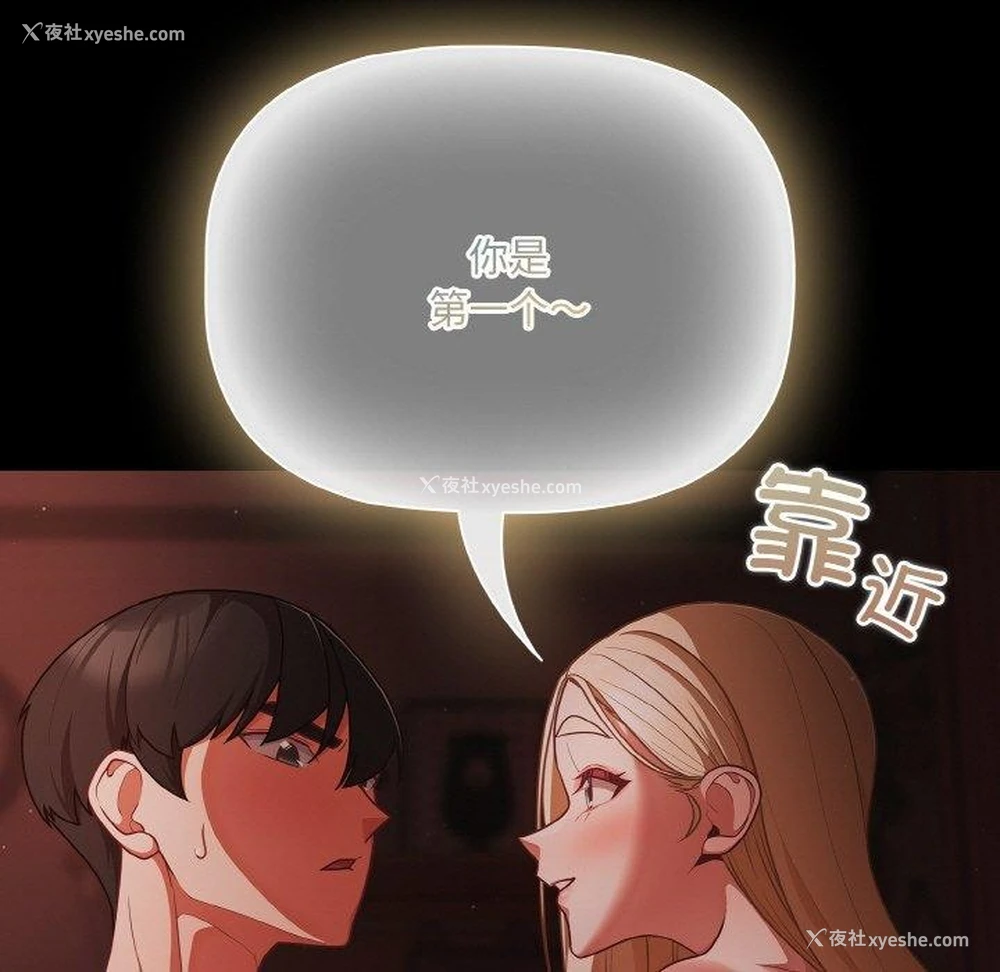17P - 幸福来得太突然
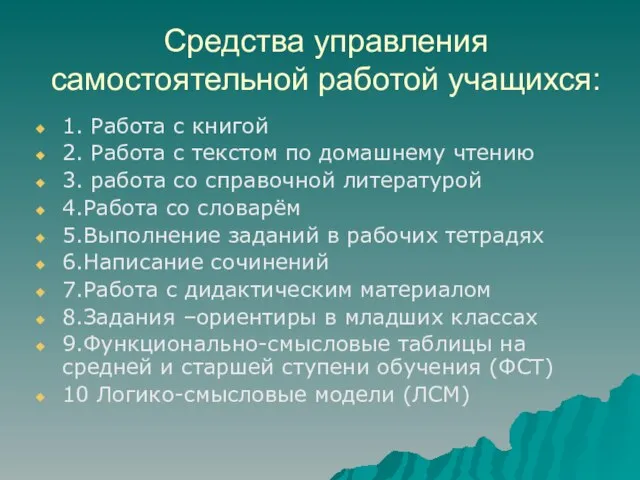 Средства управления самостоятельной работой учащихся: 1. Работа с книгой 2. Работа с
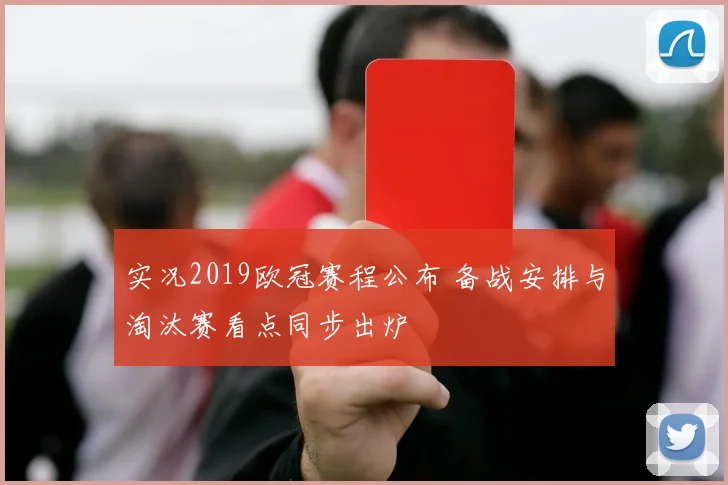 实况2019欧冠赛程公布 备战安排与淘汰赛看点同步出炉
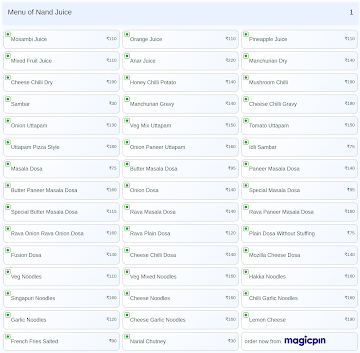 Nand Juice menu 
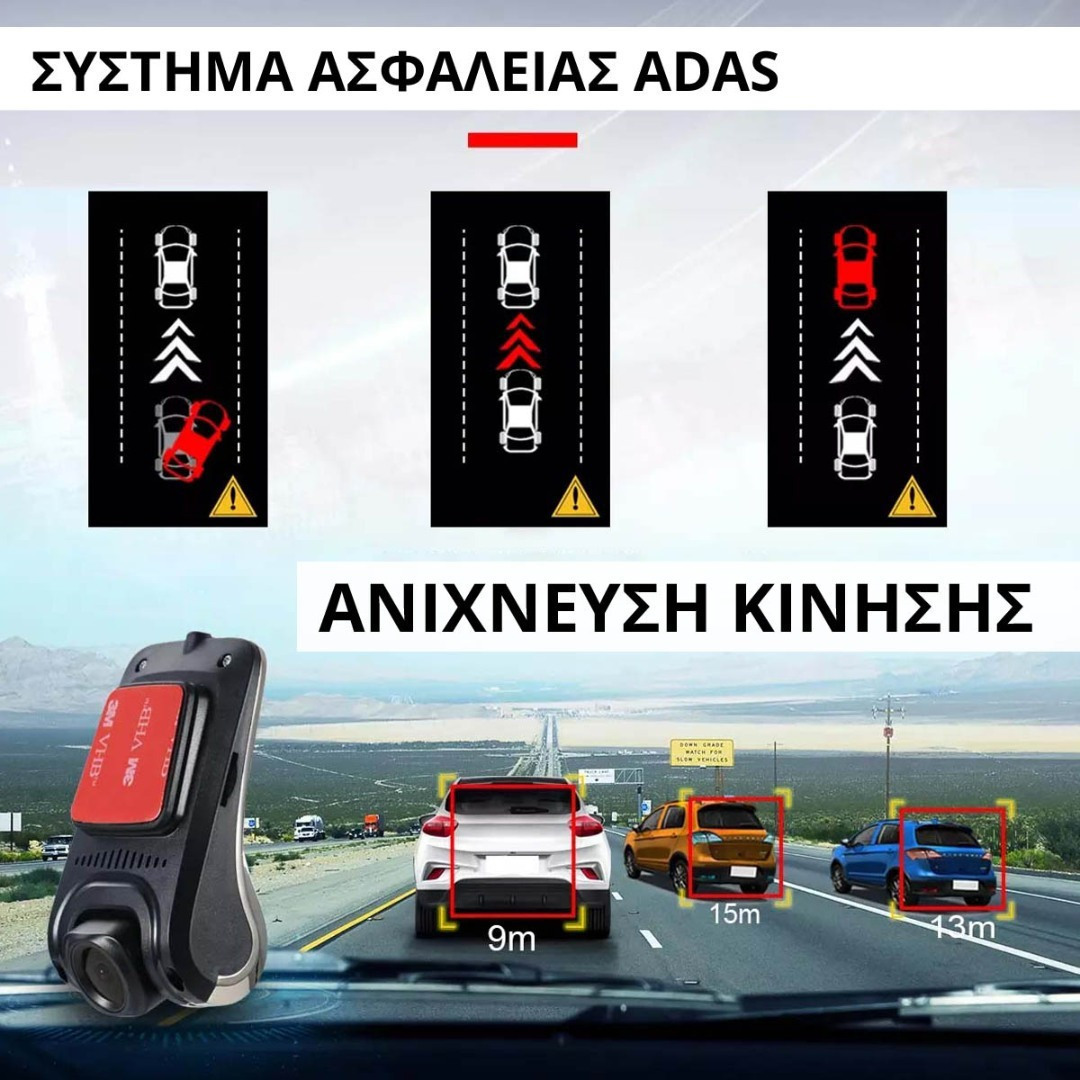 Μπροστά DVR Κάμερα Αυτοκινήτου με Αυτοκόλλητο, Καταγραφικό ADAS Ready HD, Ανίχνευση Κίνησης DV-R & Καταγραφική Μπροστινή micro SD Εγγραφή Βίντεο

┄┄┄┄┄┄┄┄┄┄┄┄┄┄┄┄┄┄┄┄

■ Problem description: Write out the records above exactly as they stand, leaving out every picture.

■ Task output:
17P - 幸福来得太突然
 Средства управления самостоятельной работой учащихся: 1. Работа с книгой 2. Работа с
 实况2019欧冠赛程公布 备战安排与淘汰赛看点同步出炉
 Nand Juice menu 
 Μπροστά DVR Κάμερα Αυτοκινήτου με Αυτοκόλλητο, Καταγραφικό ADAS Ready HD, Ανίχνευση Κίνησης DV-R & Καταγραφική Μπροστινή micro SD Εγγραφή Βίντεο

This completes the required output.